Maybe, but I dont think its too hard to understand a basketball schedule and thats essentially what this is.

You play 3-4 set teams every year, a "permanent rivalry pod" if you will, (for UGA that would probably be UF/USC/AU and then one more if it were 4) and then just rotate through the other 5 games. You get to play everyone home and away in 3-4 years allowing the best of both a large and small conference.
(05-14-2014 09:10 AM)Lurker Above Wrote: [ -> ]
(05-14-2014 09:06 AM)10thMountain Wrote: [ -> ]
(05-14-2014 08:44 AM)TexanMark Wrote: [ -> ]A good idea if used sparingly. I really think going to no set divisions is the best answer.

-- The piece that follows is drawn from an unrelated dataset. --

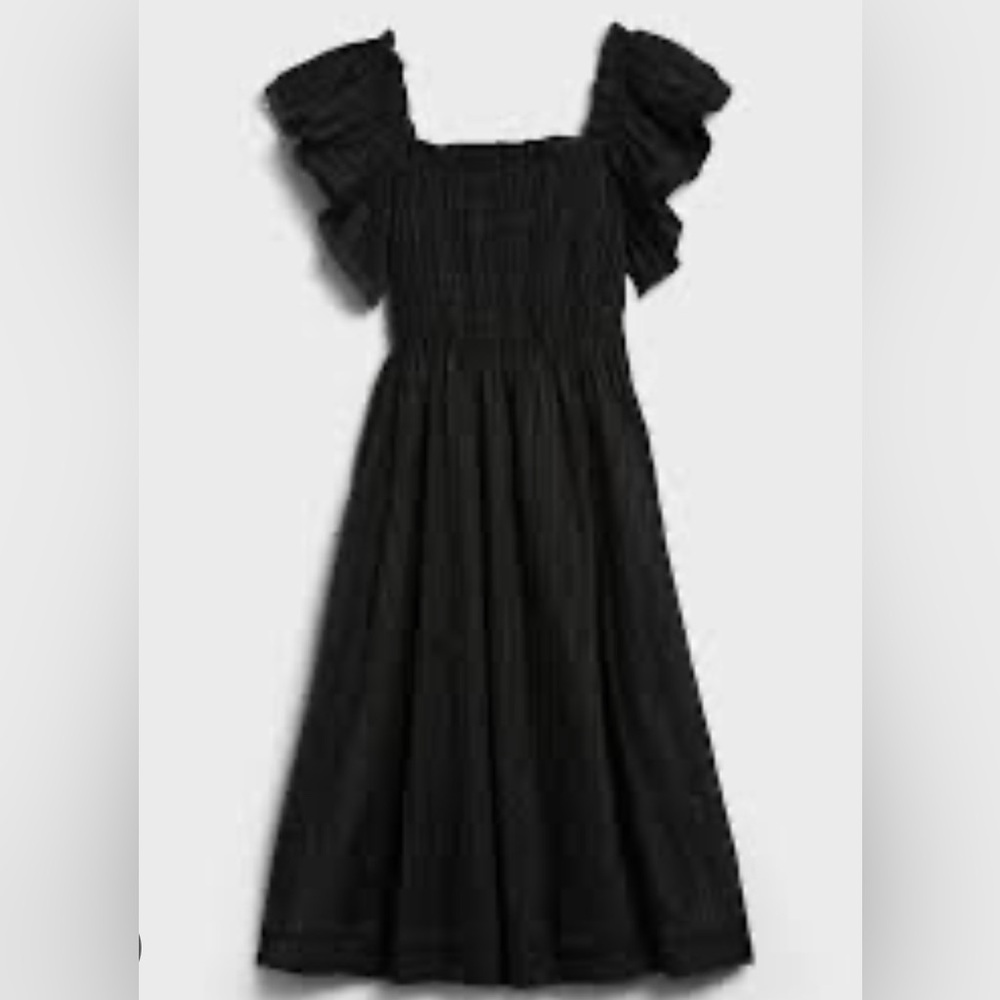 Banana Republic SMOCKED RUFFLE MIDI BLACK DRESS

This. Solves the problem rather easily.

I agree on the logic but you and frank may be underestimating the confusion this would cause to the casual fan. It also feeds the "conference can be too big" narrative, which I do not believe is useful to a 14 team conference.

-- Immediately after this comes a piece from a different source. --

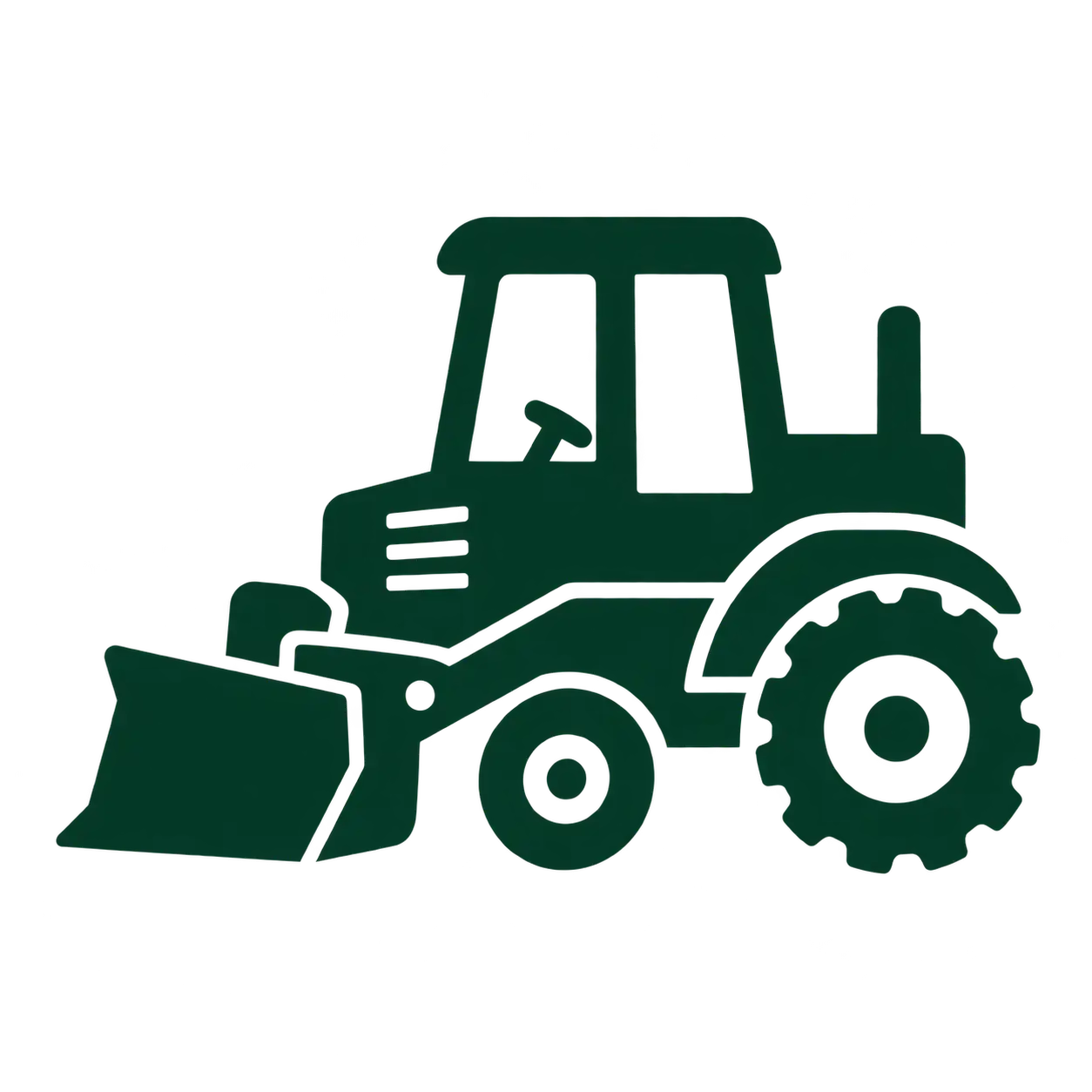 A green tractor with a plow in front of it.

How did they go undefeated in conference we beat them?
Big Sky allows OOC games vs conference teams .
This sounds pretty idiotic. You mean to tell me you can't find an acceptable solution to play a schedule involving all the teams in your conference in a reasonable timeframe? If not, then what in the heck are you doing as a conference?
(05-14-2014 09:16 AM)10thMountain Wrote: [ -> ]Maybe, but I dont think its too hard to understand a basketball schedule and thats essentially what this is.

You play 3-4 set teams every year, a "permanent rivalry pod" if you will, (for UGA that would probably be UF/USC/AU and then one more if it were 4) and then just rotate through the other 5 games. You get to play everyone home and away in 3-4 years allowing the best of both a large and small conference.

For 8 games: A 3-5-5 (no divisions) is the best solution I've seen for 14 team conferences

I think scheduling a conference school to an OOC is a last resort thing...I'd rather see a school from another conference.
(05-14-2014 09:00 AM)Frank the Tank Wrote: [ -> ]Perfectly fine with me. It resolves the issue of not being too restrictive on schools that have valuable non-conference rivalries (i.e. FSU/UF, Clemson/South Carolina, etc.), but allowing others to play their non-conference mates more often if they choose to do so. From a financial perspective, it also creates more TV inventory for the conferences.

For years -- actually decades -- SEC football-schedules were set up by each individual school, not by the league. So you had some schools play 6 conferences games, some 7, and -- once in a while -- one of the centrally-located teams like Alabama or Ole Miss would even play 8.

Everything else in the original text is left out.